▶ _Records for this task_
────────────────────────────────────────
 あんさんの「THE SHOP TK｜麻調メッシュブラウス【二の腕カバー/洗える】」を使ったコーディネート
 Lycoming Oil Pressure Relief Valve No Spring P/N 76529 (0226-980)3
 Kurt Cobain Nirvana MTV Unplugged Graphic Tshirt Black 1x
────────────────────────────────────────
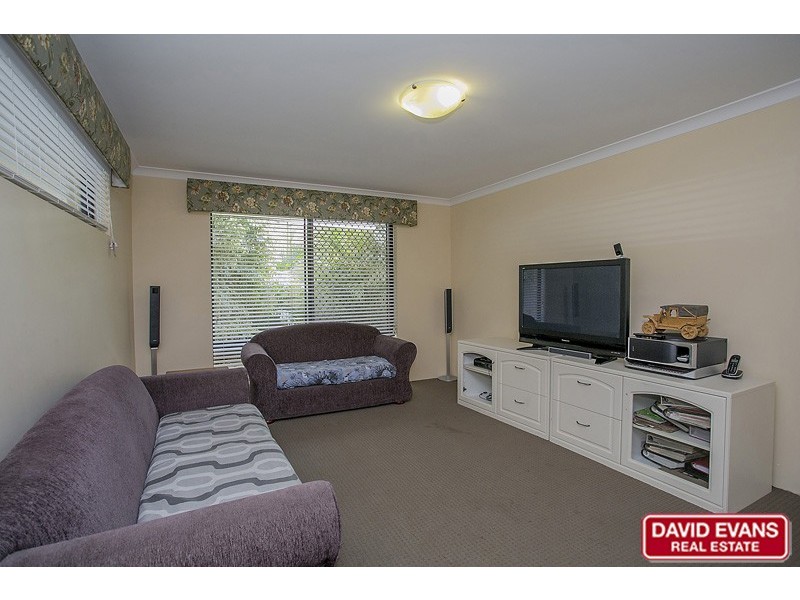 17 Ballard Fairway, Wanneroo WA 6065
────────────────────────────────────────
▶ _Assignment_
Give back exactly the lines above, from the line containing "Lycoming Oil Pressure" through the line containing "Kurt Cobain Nirvana", with both end lines and nothing more.

▶ _Exercise solution_
 Lycoming Oil Pressure Relief Valve No Spring P/N 76529 (0226-980)3
 Kurt Cobain Nirvana MTV Unplugged Graphic Tshirt Black 1x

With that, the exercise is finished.